## Task description
Within the entries below, please retype exactly the lines starting with the line that has "TOOLPORT 3x4,5 m" and going on through the line that has "2-12 Pin DT", but not the pictures.

## Available data

■ ■ ■

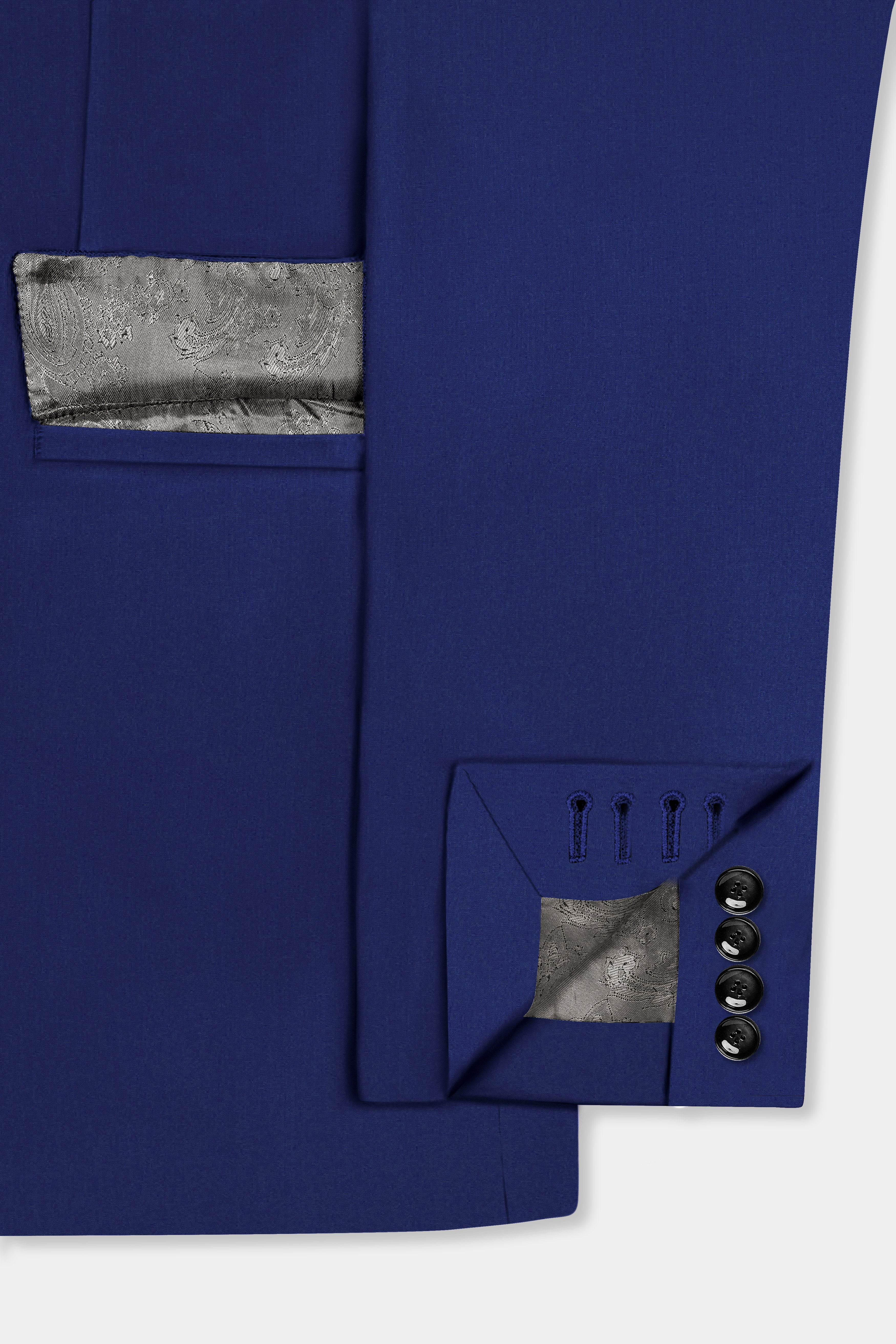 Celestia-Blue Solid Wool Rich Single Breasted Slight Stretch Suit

■ ■ ■

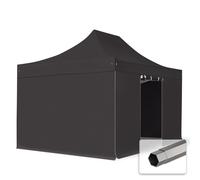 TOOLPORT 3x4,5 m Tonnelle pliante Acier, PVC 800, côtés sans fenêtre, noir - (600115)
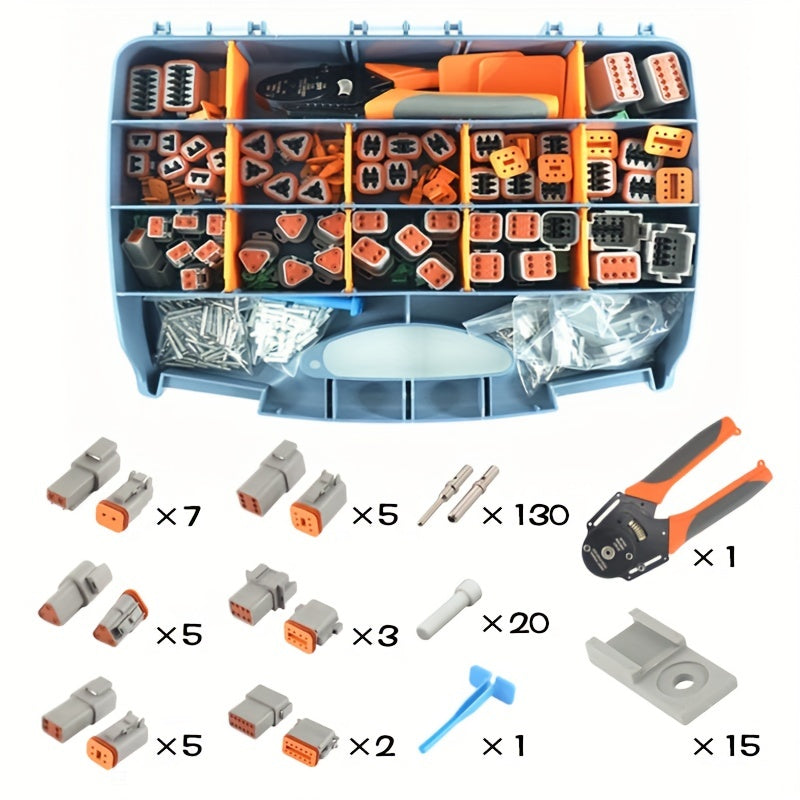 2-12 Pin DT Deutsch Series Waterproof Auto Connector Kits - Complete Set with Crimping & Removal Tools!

■ ■ ■

## Result of the task
 TOOLPORT 3x4,5 m Tonnelle pliante Acier, PVC 800, côtés sans fenêtre, noir - (600115)
 2-12 Pin DT Deutsch Series Waterproof Auto Connector Kits - Complete Set with Crimping & Removal Tools!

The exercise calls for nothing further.